### ACTIVITY
Reproduce the entries word for word but drop every picture.

### TASK INPUTS
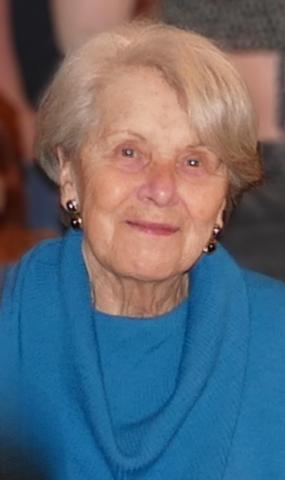 Louisette Thibault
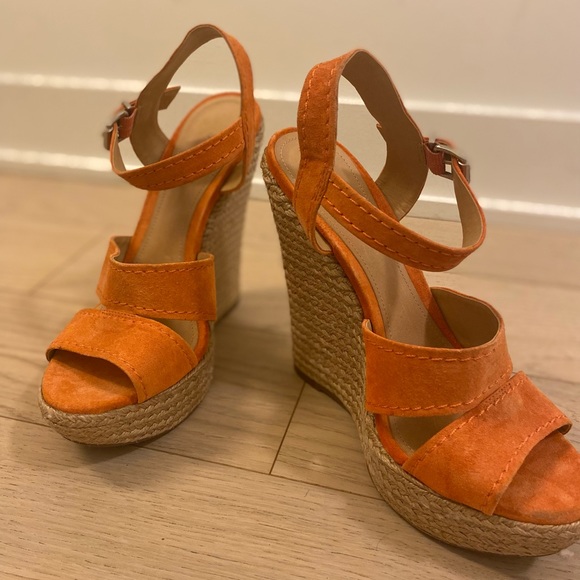 Schutz Espadrille - Picture 1 of 3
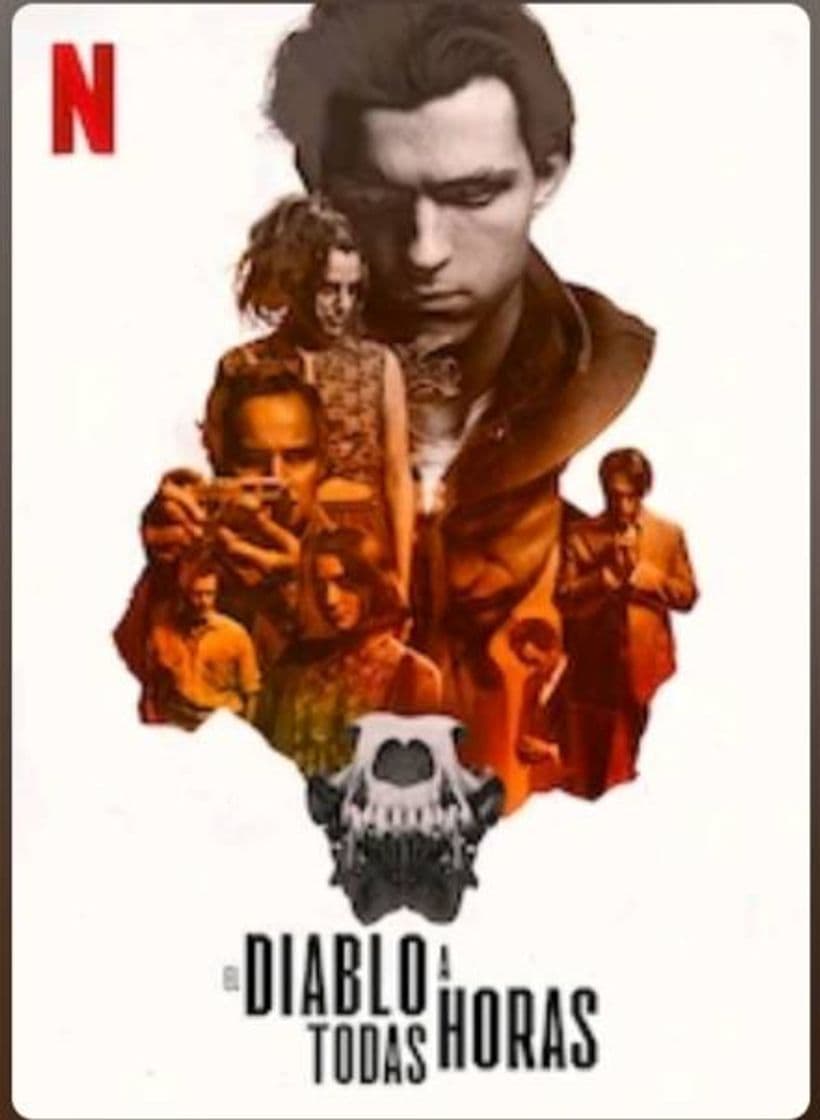 Movie El diablo a todas horas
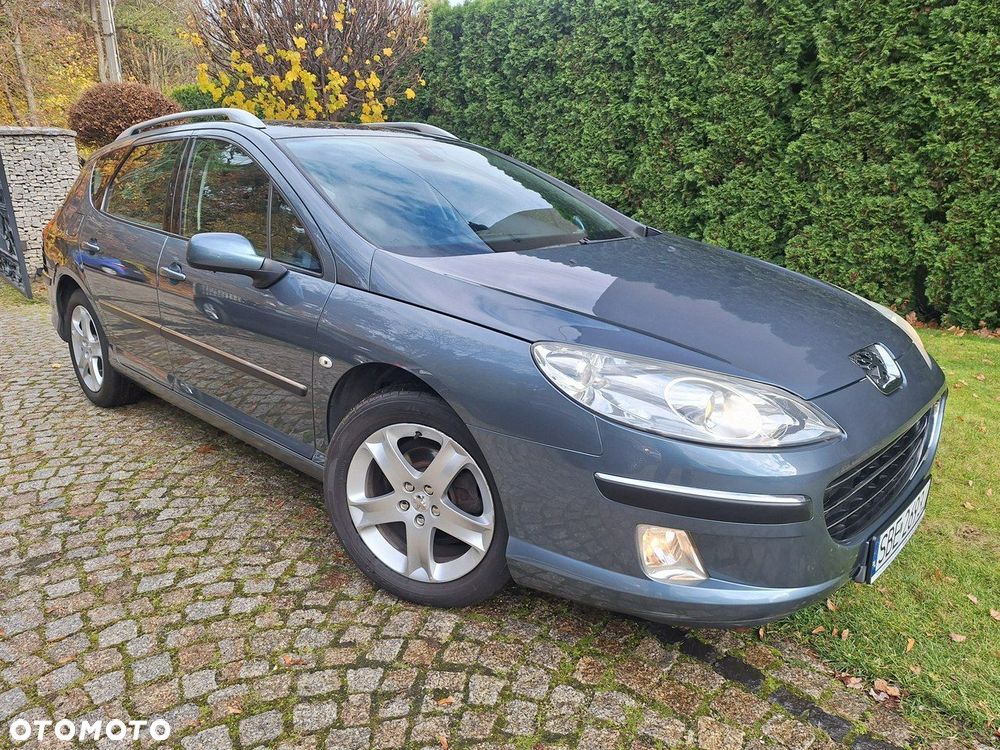 Peugeot 407 HDi 135 Sport - 4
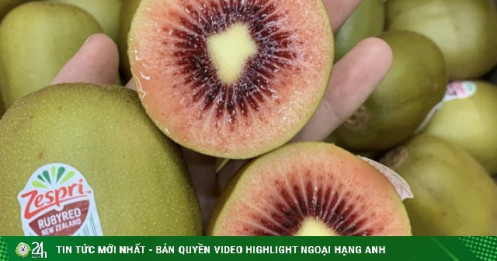 Rau quả nhập khẩu ồ ạt vào Việt Nam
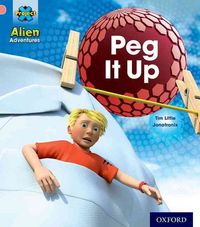 Produktbild: Little, T: Project X: Alien Adventures: Pink: Peg It Up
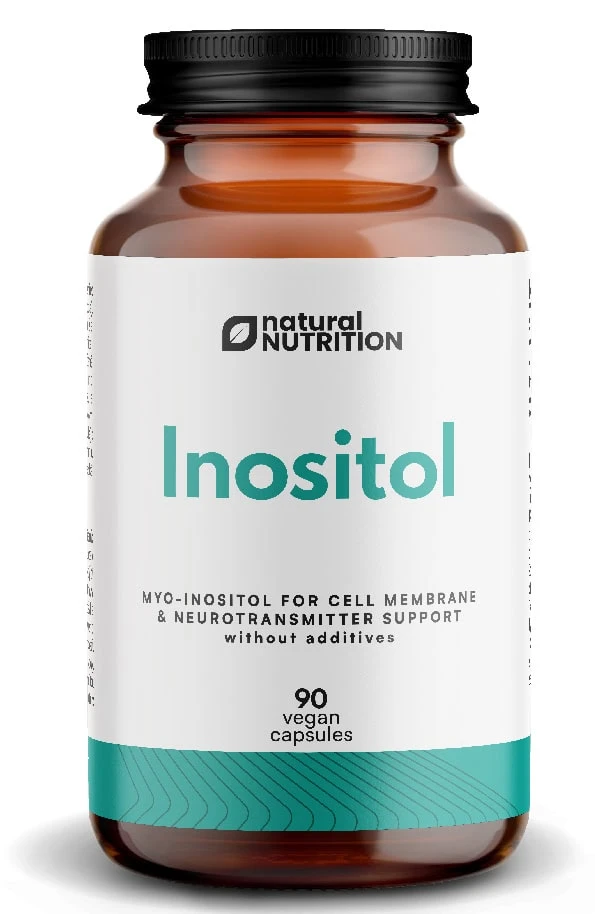 Inositol kapszula: Product review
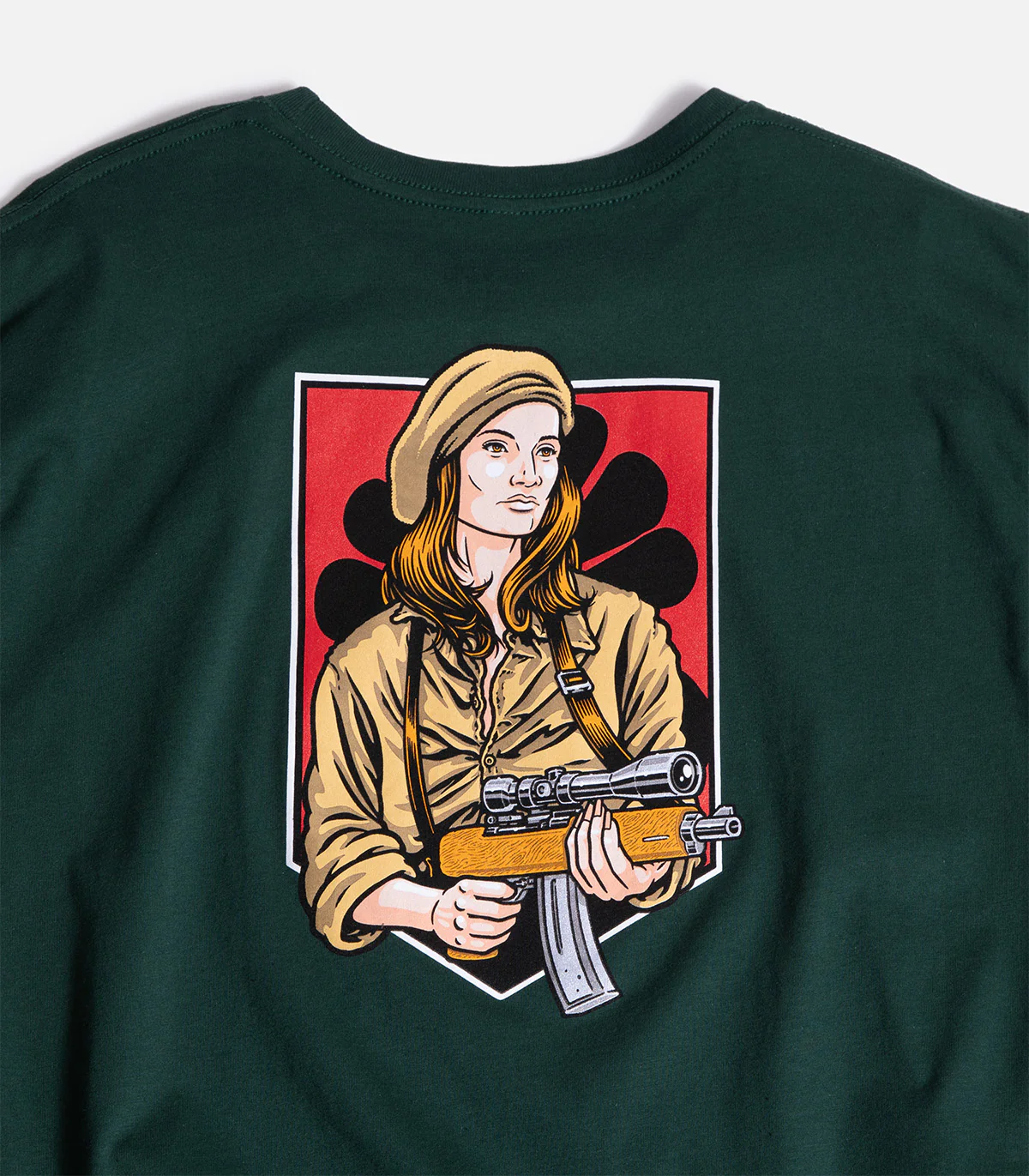 StrangeLove Citizen Tania T-Shirt - Image 3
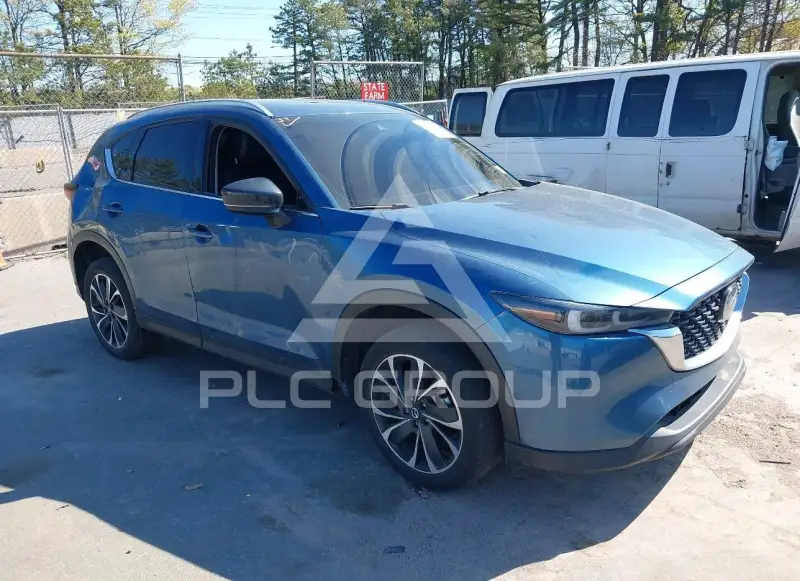 2023 Mazda CX-5 фото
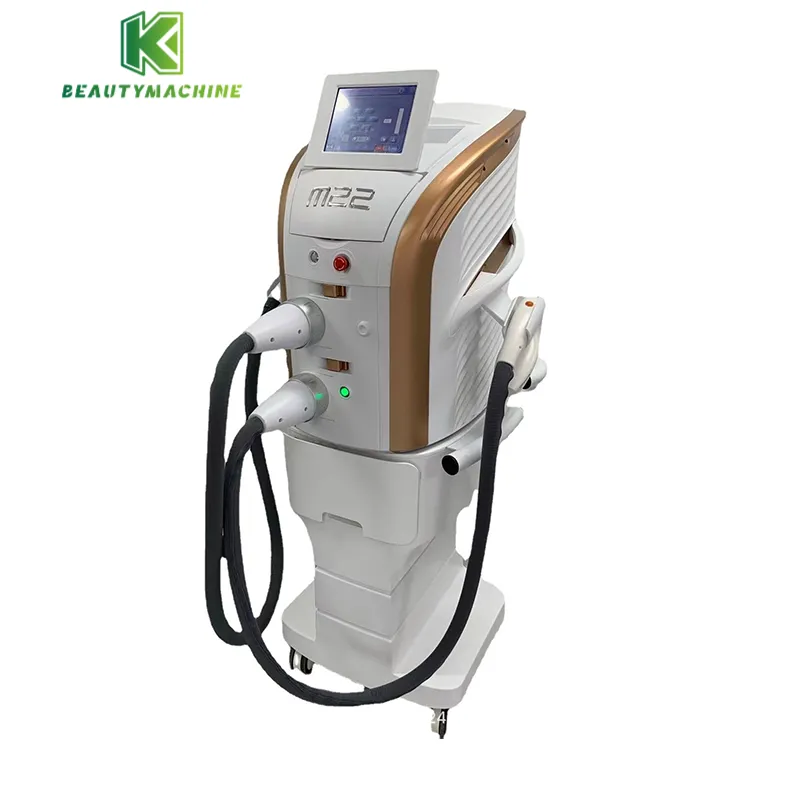 laser epilation machine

### OUTPUT BELOW
 Louisette Thibault
 Schutz Espadrille - Picture 1 of 3
 Movie El diablo a todas horas
 Peugeot 407 HDi 135 Sport - 4
 Rau quả nhập khẩu ồ ạt vào Việt Nam
 Produktbild: Little, T: Project X: Alien Adventures: Pink: Peg It Up
 Inositol kapszula: Product review
 StrangeLove Citizen Tania T-Shirt - Image 3
 2023 Mazda CX-5 фото
 laser epilation machine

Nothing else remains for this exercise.